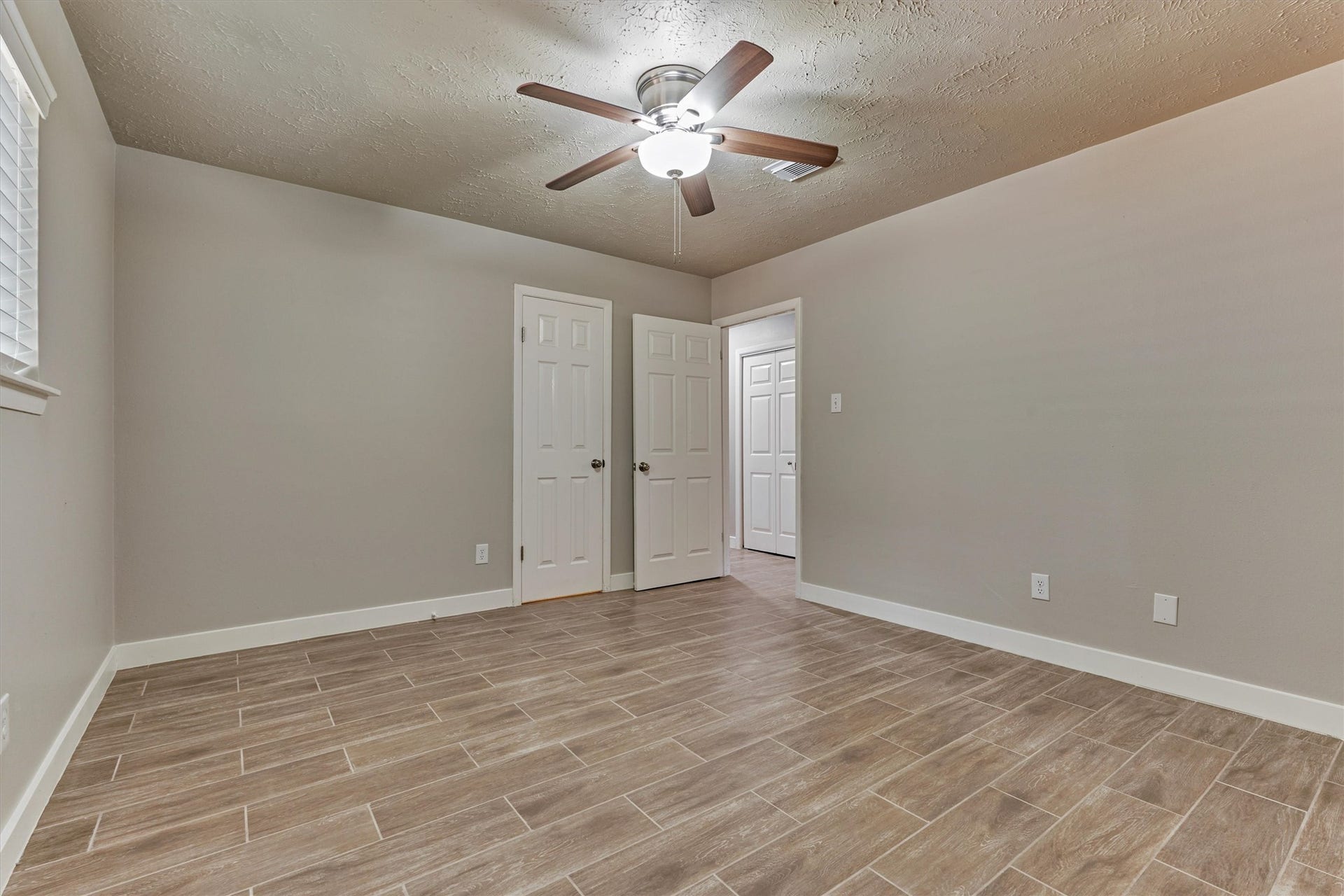 88 W White Willow Circle, The Woodlands, TX 77381 Alternate view of bedroom #3.
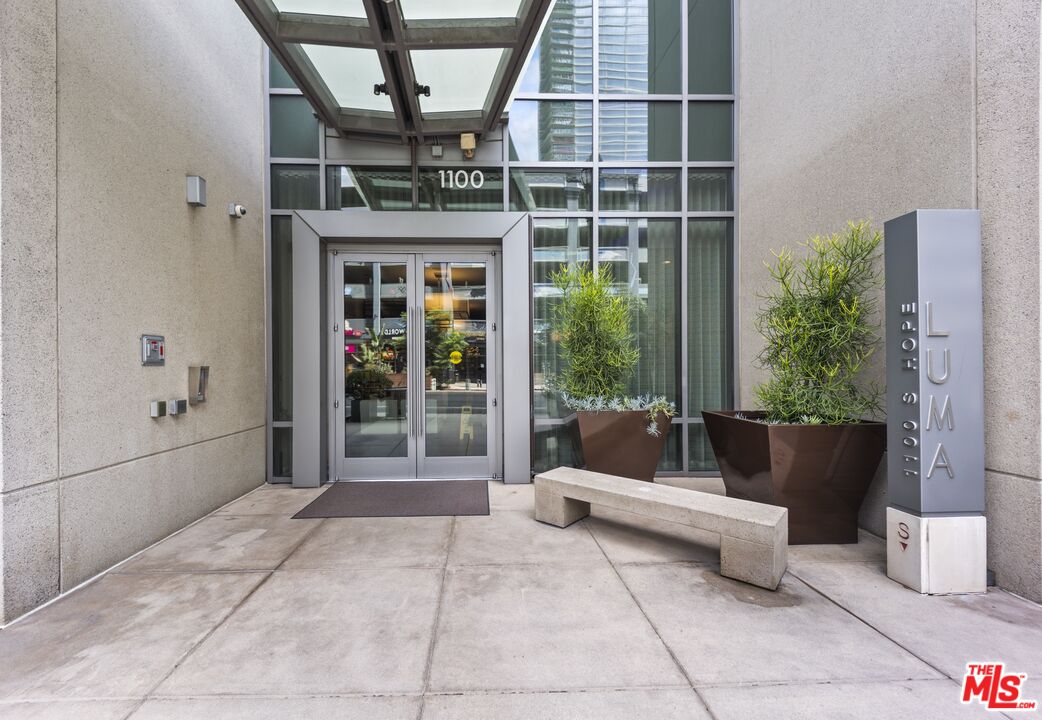 1100 S Hope St Unit: PH105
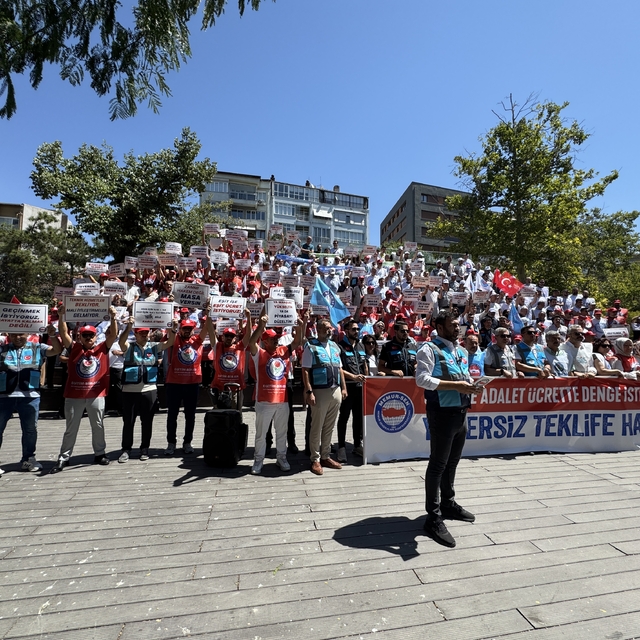 Memur-Sen üyeleri, Eskişehir'de eylem yaptı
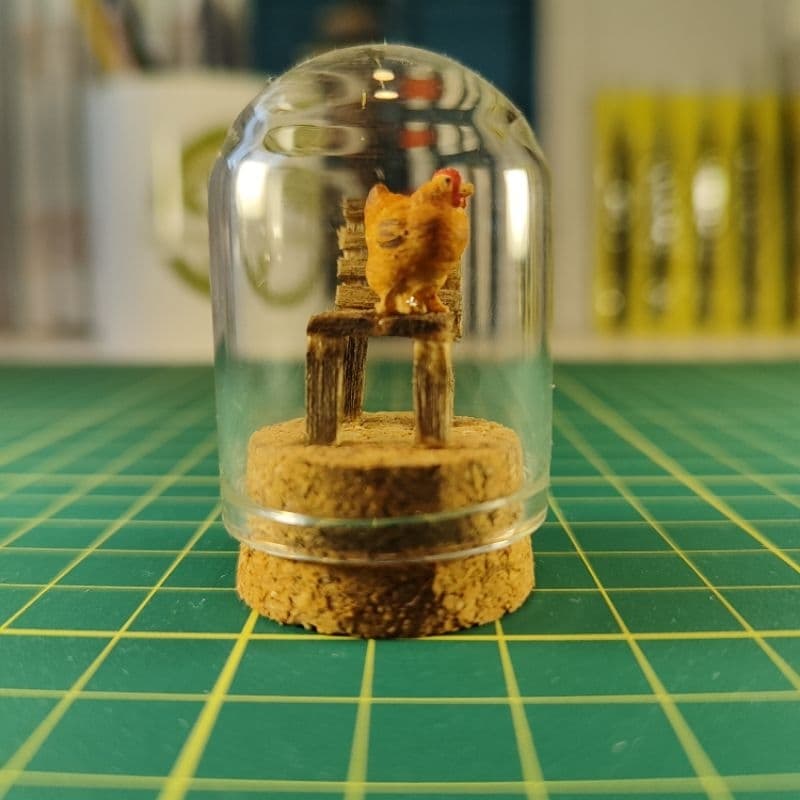 Diorama Galinha na Cadeira Miniatura Artesanal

◇ ◇ ◇

TASK TO COMPLETE -
Take the line with "1100 S Hope St Unit: PH105" and each line after it through the end of the material above, and reproduce them exactly, without the pictures.

COMPLETED EXERCISE -
 1100 S Hope St Unit: PH105
 Memur-Sen üyeleri, Eskişehir'de eylem yaptı
 Diorama Galinha na Cadeira Miniatura Artesanal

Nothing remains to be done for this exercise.